[ Haftalık Unutulmaz Oyun Müzikleri köşemizde hafızalarımızdan çıkmak bilmeyen, hepimizde derin izler ve tatlı anılar bırakan oyun müziklerini birlikte hatırlıyoruz. ]
Belki şu anda tüm gözler serinin devam oyununda olabilir ki bu durum gayet normal. Ellie’nin macerasının nasıl devam edeceğini, Joel’un tanıtımlarda neden arka planda yer aldığını ben de taş çatlatacak seviyede merak ediyorum. Üstelik piyasaya çıkışı iyice yaklaşmışken, oyunun baş direktörü Neil Druckmann “Gözyaşlar sel oldu” demişken nasıl da beklemeyelim değil mi?

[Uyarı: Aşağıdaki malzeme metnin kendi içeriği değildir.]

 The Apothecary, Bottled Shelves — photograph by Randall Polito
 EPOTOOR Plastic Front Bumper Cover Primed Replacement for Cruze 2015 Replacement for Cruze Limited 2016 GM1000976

Ancak unutmamamız gereken bir durum var, o da bu büyük beklentilerin belki de en önemli sebebinin ilk oyunda bizlere oluşturduğu duygular olması. Karakterleri gerçek dünyadan birileri gibi benimsememiz ve uzun zamandır haber alamadığımız yakın arkadaşımız hakkında duyduğumuz merak gibi bir duygumuzun oluşması.
Bu içten duyguların oluşmasındaki belki de en büyük yardımcı müzikler tabii ki de. The Last of Us’ın atmosfere uygun, ağır müzikleri hep tam zamanında devreye girip mevcut durumu tahlil etmemizi ve hissetmemizi sağlıyor. Daha oyunun ana ekranında karşımıza çıkan tema müziği bizi oyunun atmosferinin nasıl olduğunu, ne tarz bir karanlık ve dramatik havayla karşılaşacağımızı çok başarılı bir şekilde anlatıyor.
Üstelik bu müzik sizi sadece oyuna ısındırmıyor, ayrıca tüm serüvenin bir haritasını çıkartıyor. Oyunu bitirdikten sonra ana temayı tekrardan dinlediğimizde bu durum çok daha anlaşılır oluyor. Tabii biz de zaten içimizde özümsediğimiz karakterlere bir de fon müziği ekleyerek aklımızda iyice kalıcı bir konuma oturtmuş oluyoruz.